Compatible with all the major/latest Tensorflow versions (from 1.14 to 2.4.0+).

Downloads Downloads Keras TCN CI

pip install keras-tcn

Keras Temporal Convolutional Network. [paper]

Why Temporal Convolutional Network?

  • TCNs exhibit longer memory than recurrent architectures with the same capacity.
  • Constantly performs better than LSTM/GRU architectures on a vast range of tasks (Seq. MNIST, Adding Problem, Copy Memory, Word-level PTB...).
  • Parallelism, flexible receptive field size, stable gradients, low memory requirements for training, variable length inputs...
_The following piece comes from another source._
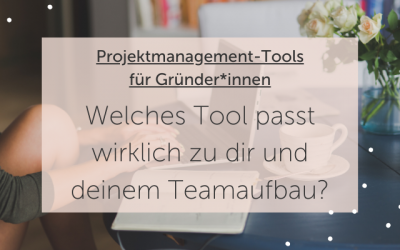 Projektmanagement-Tools für Gründer*innen: Welches Tool passt wirklich zu dir und deinem Teamaufbau?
Visualization of a stack of dilated causal convolutional layers (Wavenet, 2016)

API

The usual way is to import the TCN layer and use it inside a Keras model. An example is provided below for a regression task (cf. tasks/ for other examples):

from tensorflow.keras.layers import Dense
from tensorflow.keras import Input, Model

from tcn import TCN, tcn_full_summary

batch_size, timesteps, input_dim = None, 20, 1


def get_x_y(size=1000):
    import numpy as np
    pos_indices = np.random.choice(size, size=int(size // 2), replace=False)
    x_train = np.zeros(shape=(size, timesteps, 1))
    y_train = np.zeros(shape=(size, 1))
    x_train[pos_indices, 0] = 1.0
    y_train[pos_indices, 0] = 1.0
    return x_train, y_train


i = Input(batch_shape=(batch_size, timesteps, input_dim))

o = TCN(return_sequences=False)(i)  # The TCN layers are here.
o = Dense(1)(o)

m = Model(inputs=[i], outputs=[o])
m.compile(optimizer='adam', loss='mse')

tcn_full_summary(m, expand_residual_blocks=False)

x, y = get_x_y()
m.fit(x, y, epochs=10, validation_split=0.2)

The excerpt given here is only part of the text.